持続可能性の確保:主産物の持続性確保と調和したアプローチ

 持続可能性の確保は、全てのバイオエネルギー利用の前提である。他方、速やかに脱炭素社会を実現するために、化石燃料との価格競争力を高めていくことの重要性を忘れてはならない。

 したがって、バイオエネルギー燃料のみのために、新たに持続可能性の認証システムを構築・運営することは、効率的とは言えない。ワークショップでは、むしろ「副産物利用を主としたバイオマス燃料生産」という原則に立ち返り、主産物の持続可能な生産の確保・発展を推し進めつつ、同時に副産物としての燃料の持続可能性の確保を図るというアプローチが有効であるという見解が示された。

 その具体例として、バイオマス燃料に特化した認証制度であるSBP(Sustainable Biomass Program)が紹介された。SBPは、欧米を中心としたペレット貿易市場において、大きなシェアを占めている認証スキームであり、Drax やØrsted、Vattenfall、e-onなど欧州の主要な電力会社に採用されている。SBPの特徴は、FSCやPEFCなど国際的によく認知された森林認証システムに、エネルギー利用時に求められる、GHG削減量などの項目を「上乗せ(add-on)」していることである。そのため、燃料利用のために、森林の認証を新たに取り直す必要はなく、コスト効率的であるiv

 日本においても、持続可能性基準の重要性の認識は高まっているが、SBPのような現実的なアプローチを参考にしたい。

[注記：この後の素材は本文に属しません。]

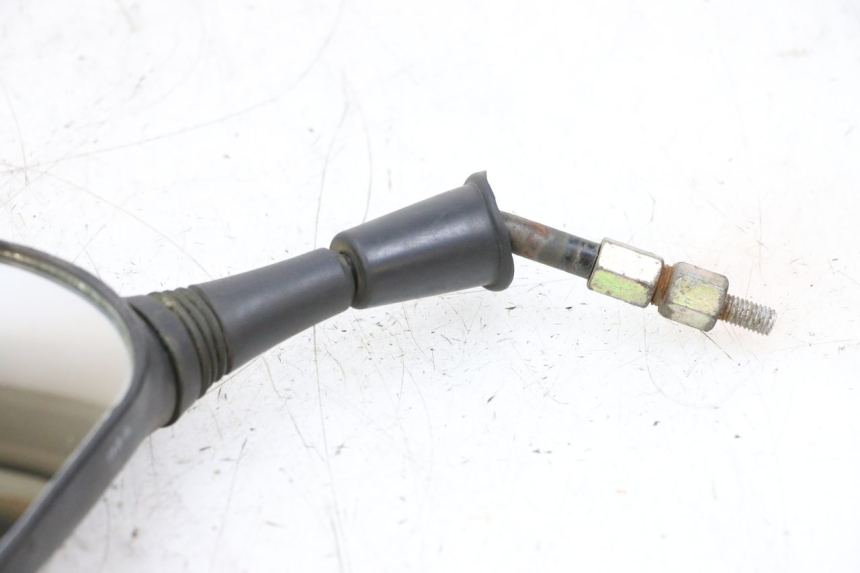 photo de SPECCHIO SINISTRO SYM ORBIT 2 4T 50 (2008 - 2017) - Dettagli dei punti di fissaggio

貿易の意義:リスクを分散させ、バイオエネルギーの発展を進める

 このように持続性が担保された燃料であることを前提にすれば、バイオマス燃料の貿易について、積極的な意義を見出すことができる。

 ワークショップで紹介されたのは、需要と供給の発展の時間差がある場合に、その差を埋める重要な役割を、貿易が果たしてきたという事実である。例えば、世界最初の大陸間のペレット輸出は、1998年にカナダからスウェーデンへ行われたものだったv。また、カナダのOPG (Ontario Power Generation)では、2基目の石炭からバイオマスへの転換を行ったが、燃料にはノルウェーから輸入した半炭化ペレットを用いているvi

 スウェーデンもカナダも、世界有数の森林資源と木材産業の生産能力を有している国である。しかし、それぞれの時点でペレット生産に投資するタイミングや条件が整わなかった場合に、輸入というオプションを使うことで、速やかに需要を立ち上げ・拡大することを可能にする。また、何らかの理由で、国内生産量が減少した場合に、それをカバーするのも輸入品であり、バイオエネルギー利用の拡大に伴うリスクを分散させることができる。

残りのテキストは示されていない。